Evita stood for manipulating AND used the common man as her excuse/crutch/symbol -- and was so powerful her body was spirited off to Europe after she died, but now she's buried in Buenos Aires famed Recoleta Cemetery, which is ringed on two or three sides by restaurants, nightclubs, 'gentlemen's clubs' with 'ladies of convenience' -- even a shopping mall on one side, and a cemetery full of feral cats, which are fed daily by cemetery goers.

 

And the cemetery is full of two and three story monuments to aggrandizement after death, in a South American tradition that is unmatched anywhere else I've been -- you have to see it to believe it -- Recoleta Cemetery -- where the rich and powerful are buried. Evita got there because of her family's lineage, which was NOT populist, but patrician, while her husband, Juan Peron, had to settle for a different final resting place, because he didn't qualify to have his early remains interred in Recoleta.

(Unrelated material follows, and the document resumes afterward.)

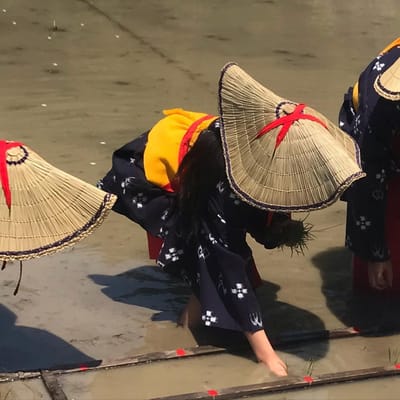 里山のお田植え祭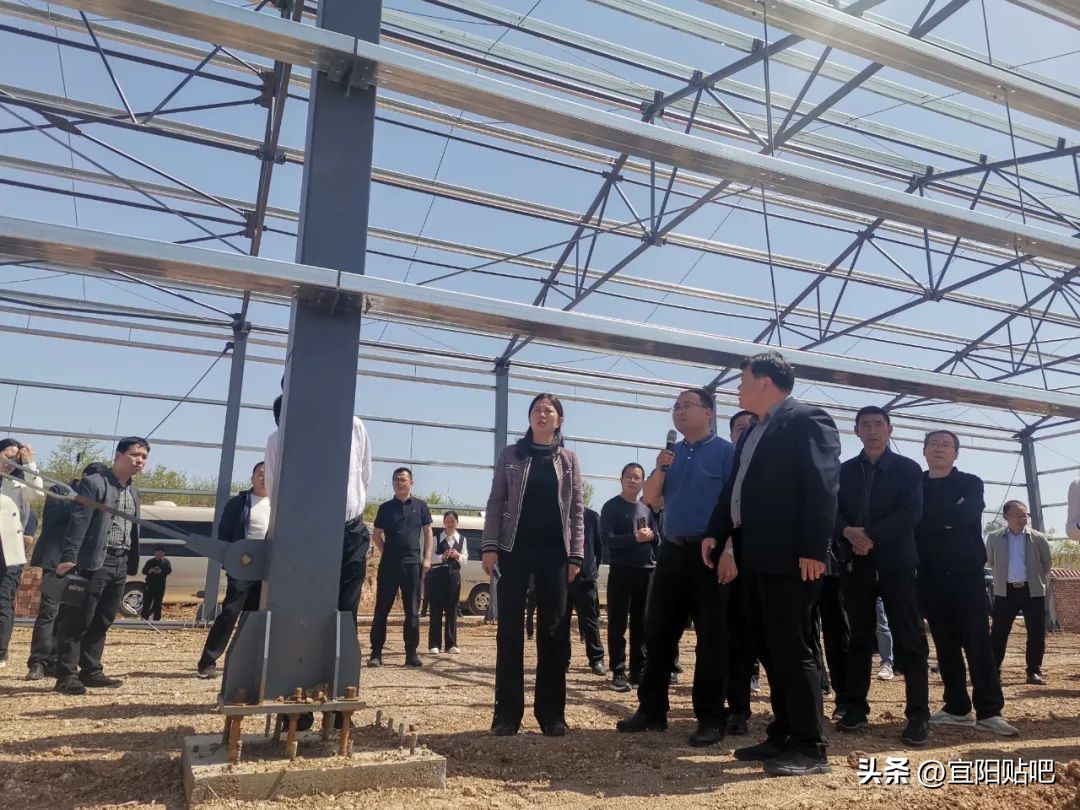 宜阳县克村乡村振兴,河南省辉县市乡村振兴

That was a birthright he didn't have.

 

From birth to death (birthright) is how Argentina once was ruled, but Evita 'stood for' something else, even if it didn't stop with her and even if she was not really a poor peasant girl.

 

Generals took over the government for a while in the early '80s and their 'enemies' were shoved out of airplanes high over the Atlantic to their deaths -- the 'disappeared ones', and their relatives gather outside City Hall and other government buildings every Thursday to continue to press the government for info on their 'disappearances'.

 

I have wonderful photos of those people and their barricading from this particular day, when their forces were greater than usual.

 

You have to know the story, but with the story the photos are evocative, but you won't find them here.

 

(they'll probably end up as 'stock photo' some time, as the travel books always mention these people and there are NO photos of them.

 

I love the girls expressions, as though they've being chased by Evita's ghost herself.

 

Argentina and Ukraine share colors -- blue and gold -- imagine that -- two places I'd most like to be (with a very little money to lead a good life), and a flag that's almost identical -- and both countries are absolutely 'mad' about football (soccer to you).

 

But Argentinians are very well fed with meat at every meal; and the Ukrainians have meat 'for holidays' in a large number of households, despite rich land that is not being used efficiently because no one knows who will own it in three or four years -- since it hasn't been all distributed.

 

US agribusiness firms have been crawling across Ukraine for the three years I've been going there, trying to boost yields on some very rich land, to gain a toehold for what will be Ukraine's eventual key to full stomachs for its residents -- it's unmatched and sweeping farmland.

 

Argentina, on the contrary, has more than enough land, and its numerous cattle just eat grass (you've never tasted beef so different than grass-fed Argentinian beef, which cooks in a thrice because it's both tender and mostly fat-free, not made from American 'factory steers' -- all hybridized for marbling) It's just like the ones Conquistadors brought with them when a few escaped and took up residents on the oceans of chlorophyll called the pampas (apologies to Johnny Apple, late food critic of the New York Times for that phrase).

 

Here's to you Micki, with the finest meal in town for $10 US and a $6 bottle of fabulous wine, worthy of Napa, Sonoma or Mendocino.

 

I'm going there as soon as I can get away and finish my business in Ukraine.